Actually, compared to a lot of gay guys I know, I don’t worry about it too much. I guess the main reason I can be completely comfortable in my skin as a man is my dad. Those of you who know him know that he’s a giant redwood of a man who has spent most of his life tearing down (and occasionally blowing up) buildings. For the past year, he has been in New Orleans helping dig the city out of its mucky neglect. In short, his butch bona fides are there for all to see and have never been questioned.
But he’s also an amazingly delicate man with a laugh that is prone to escalating into a high giggle, a propensity to cry at the movies and a steadfast commitment to doing his share (OK, more than his share) of the housework. He has never told a fart joke and no matter how filthy hours of work on a demolition site might make him, his nails are always fastidiously clean. I’m not sure which of my sisters started it, but we’ve called him a “sensitive new age redneck” for years–which I suppose means for him it’s no contradiction to listen to Rush Limbaugh and tell me how angry he gets when the GOP has another of its bad jags of gay-baiting.
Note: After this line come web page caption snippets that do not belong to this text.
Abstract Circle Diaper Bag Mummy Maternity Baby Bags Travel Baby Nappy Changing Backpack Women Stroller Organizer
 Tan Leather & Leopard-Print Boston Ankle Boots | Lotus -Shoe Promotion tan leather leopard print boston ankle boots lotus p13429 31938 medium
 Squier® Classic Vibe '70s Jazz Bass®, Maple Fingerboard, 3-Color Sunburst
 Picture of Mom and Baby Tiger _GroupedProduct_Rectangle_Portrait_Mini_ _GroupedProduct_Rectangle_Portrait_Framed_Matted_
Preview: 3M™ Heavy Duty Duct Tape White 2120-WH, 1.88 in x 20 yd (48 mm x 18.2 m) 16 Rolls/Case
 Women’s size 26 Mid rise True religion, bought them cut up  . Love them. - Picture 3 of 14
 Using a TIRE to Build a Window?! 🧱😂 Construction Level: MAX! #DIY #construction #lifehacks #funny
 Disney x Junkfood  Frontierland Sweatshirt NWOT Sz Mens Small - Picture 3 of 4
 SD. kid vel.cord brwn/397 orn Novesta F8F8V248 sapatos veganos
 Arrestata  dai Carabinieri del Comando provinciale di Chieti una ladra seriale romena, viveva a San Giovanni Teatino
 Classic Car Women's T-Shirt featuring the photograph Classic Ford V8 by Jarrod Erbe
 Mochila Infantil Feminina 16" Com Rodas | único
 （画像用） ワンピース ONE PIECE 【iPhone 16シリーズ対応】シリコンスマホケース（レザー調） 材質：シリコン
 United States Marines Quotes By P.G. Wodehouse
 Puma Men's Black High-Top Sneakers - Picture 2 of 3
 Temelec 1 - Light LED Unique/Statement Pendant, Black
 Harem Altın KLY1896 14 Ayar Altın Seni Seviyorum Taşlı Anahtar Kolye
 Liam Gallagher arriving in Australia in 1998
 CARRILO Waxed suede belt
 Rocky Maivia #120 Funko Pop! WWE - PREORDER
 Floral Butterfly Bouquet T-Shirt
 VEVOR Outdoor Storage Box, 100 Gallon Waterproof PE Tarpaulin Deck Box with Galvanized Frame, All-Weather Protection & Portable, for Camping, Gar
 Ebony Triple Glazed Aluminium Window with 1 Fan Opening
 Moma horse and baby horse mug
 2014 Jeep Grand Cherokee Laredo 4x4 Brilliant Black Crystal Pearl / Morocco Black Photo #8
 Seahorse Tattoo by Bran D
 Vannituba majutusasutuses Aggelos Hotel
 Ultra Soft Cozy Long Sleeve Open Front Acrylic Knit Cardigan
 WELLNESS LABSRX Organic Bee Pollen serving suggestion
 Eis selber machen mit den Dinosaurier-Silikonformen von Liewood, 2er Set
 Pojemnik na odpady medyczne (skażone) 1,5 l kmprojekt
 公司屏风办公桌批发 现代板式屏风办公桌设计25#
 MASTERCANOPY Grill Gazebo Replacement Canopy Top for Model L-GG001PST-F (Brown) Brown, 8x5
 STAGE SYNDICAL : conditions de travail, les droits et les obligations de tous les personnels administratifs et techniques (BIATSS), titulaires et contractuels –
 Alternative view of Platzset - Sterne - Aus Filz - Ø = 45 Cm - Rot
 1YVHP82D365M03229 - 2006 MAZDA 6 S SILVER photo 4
The “Big L” is an amazing guy and as different as our lives are, he’s an amazing father and role model for me. Here is my favorite recent picture of him, with me at David’s and my wedding in Vancouver:
(That may well have been his pink cocktail by the way… he hardly ever drinks but when he does he kind of likes the girly drinks.)
And just for good measure, a shot of him and his Christmas present the previous year:
The Quake being, of course, the gay rugby team David and I played on. Why not?
All that is to say that I always knew, on a deeply personal level, that real men aren’t troubled by our contradictions–we revel in them. Walt Whitman is, of course, the patron saint of this faith:
Do I contradict myself?
Very well then, I conradict myself
(I am large, I contain multitudes.)
But there’s very little Whitman left these days, which I guess is one reason Modern Man needs a carnival. Just don’t waste your money on the ring toss.